══ Exercise input
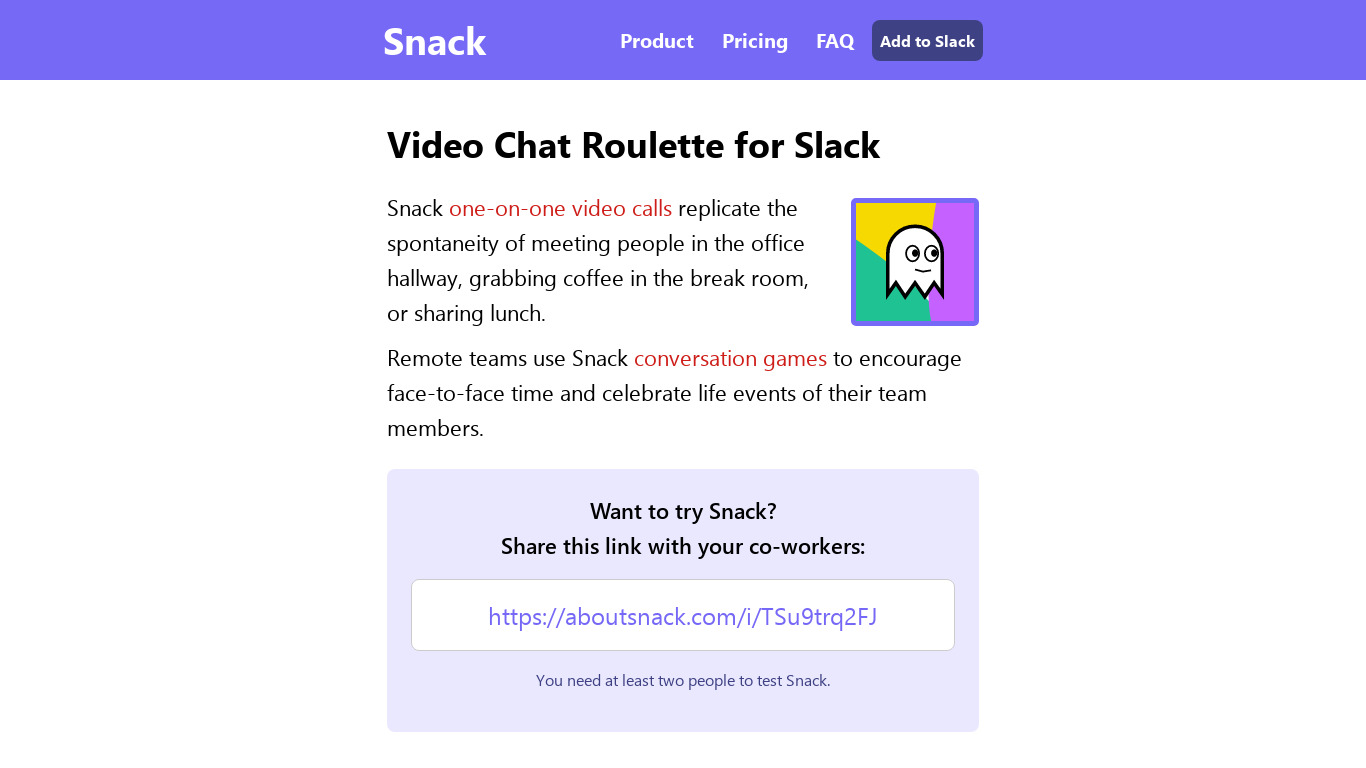 Snack Slack Bot Landing page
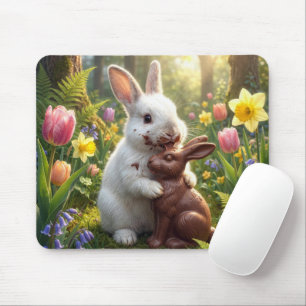 White Rabbit Licking a Chocolate Easter Bunny Mouse Pad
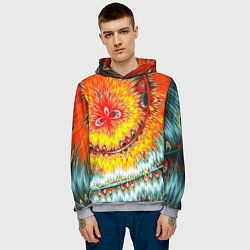 Толстовка-худи мужская Оптические краски текстура, цвет: 3D-меланж — фото 2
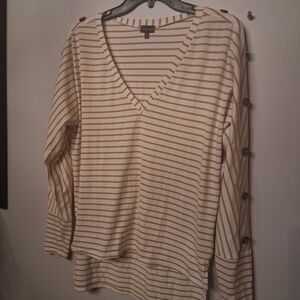 Buckle White and Mustard Striped V-Neck Long Sleeve Top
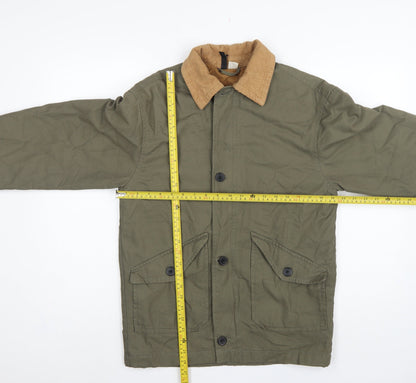 H&M Divided Women's Green XXS Military Padded Cotton Jacket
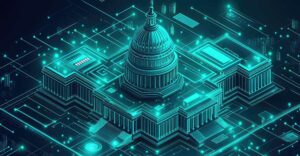 U.S. Capitol integrated with cybersecurity circuit patterns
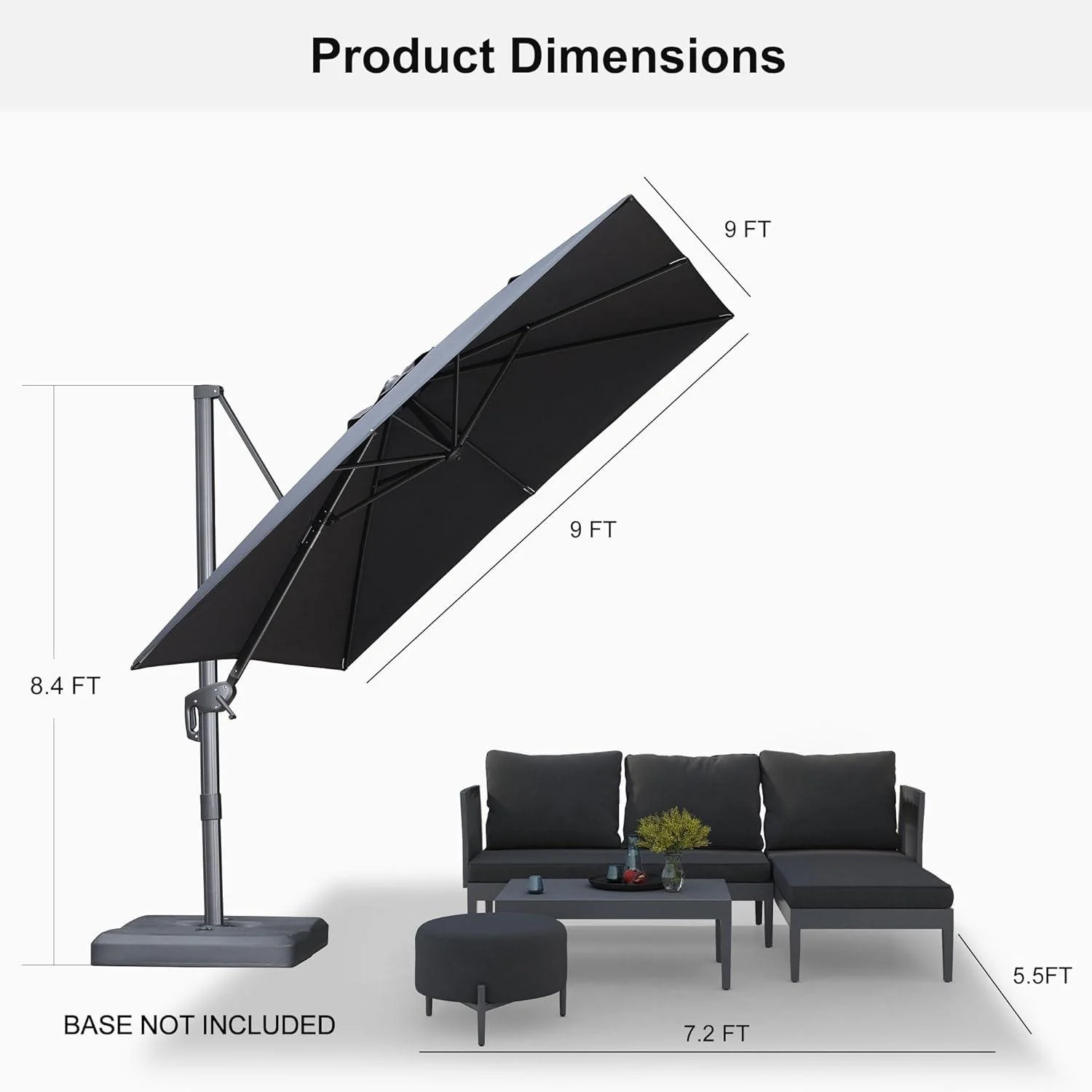 PURPLE LEAF UV Resistant Affordable Patio Outdoor Umbrella with Recycled Fabric - Image 10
════
## What you should do:
Could you retype exactly the lines running from the one with "U.S. Capitol integrated" to the end of the material above, pictures omitted?

## Solved problem:
 U.S. Capitol integrated with cybersecurity circuit patterns
 PURPLE LEAF UV Resistant Affordable Patio Outdoor Umbrella with Recycled Fabric - Image 10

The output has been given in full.